> Exercise requirements: The answer must be an exact copy of the lines from the one with "BMW R BMW R 80 GS 1988" to the last line of the entries below, both included, and must contain no pictures.

> Extracted material:

- Opening Delimiter -

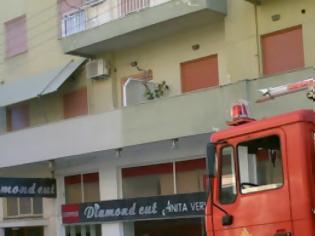 Φωτογραφία για Πυρκαγιά σε διαμέρισμα στην Μυτιλήνη από… ξεχασμένο φαγητό [photos]
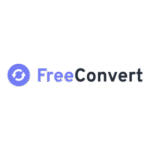 Freeconvert Logo Transparent PNG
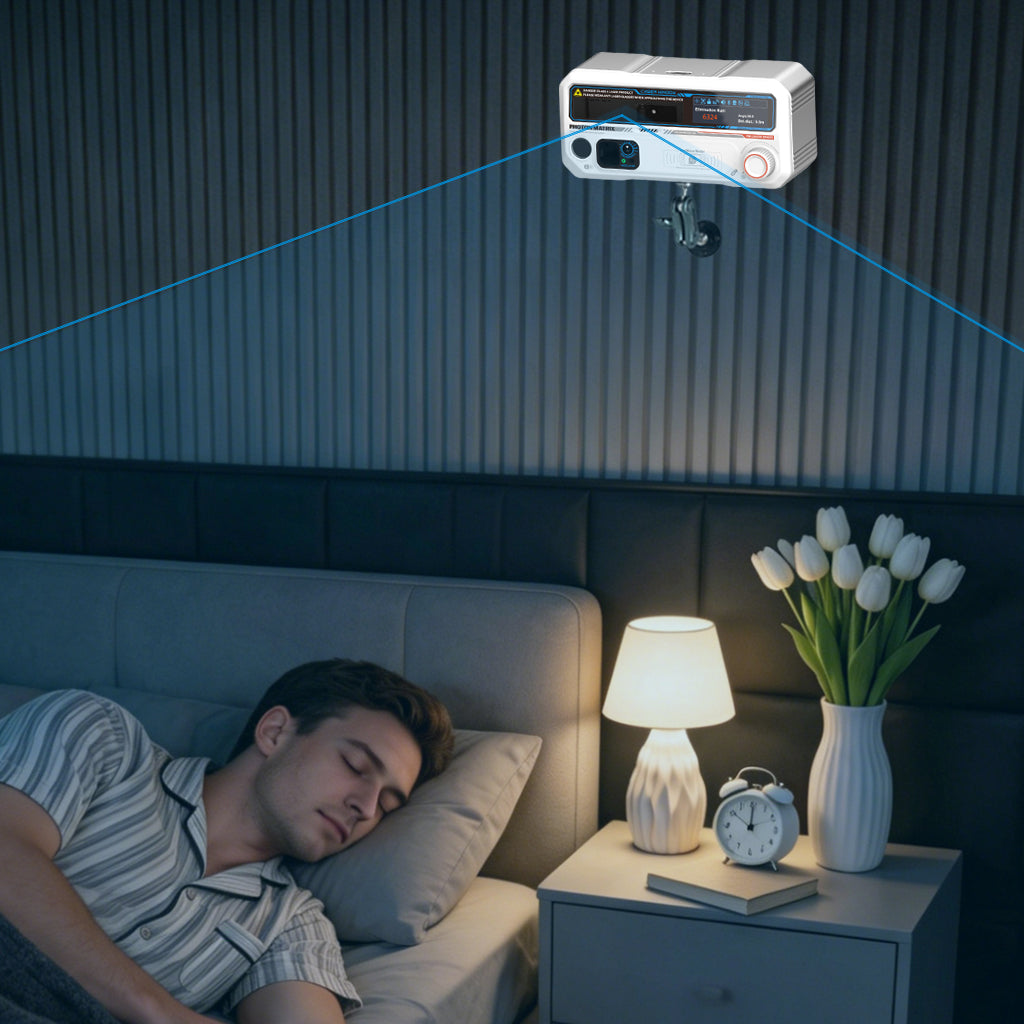 Photon Matrix Infrared Laser Mosquito Air Defense - Better For Home Us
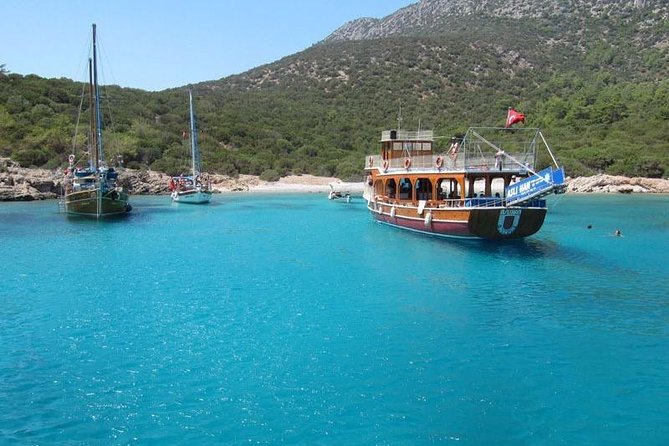 Boat Trip with Lunch From Kusadasi Port / Hotels - Who will enjoy this outing most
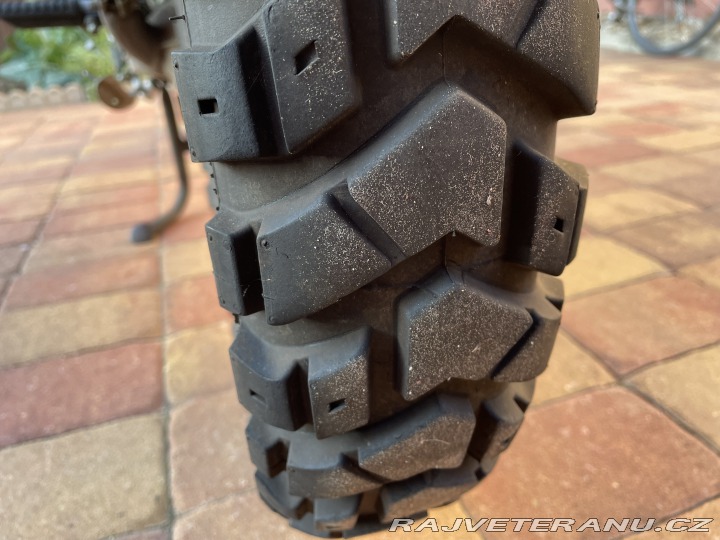 BMW R BMW R 80 GS 1988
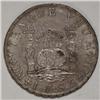 Image 1 : Peru Ferdinand VI Pillar 8 Reales 1753-J,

- Closing Delimiter -

> Final answer:
 BMW R BMW R 80 GS 1988
 Image 1 : Peru Ferdinand VI Pillar 8 Reales 1753-J,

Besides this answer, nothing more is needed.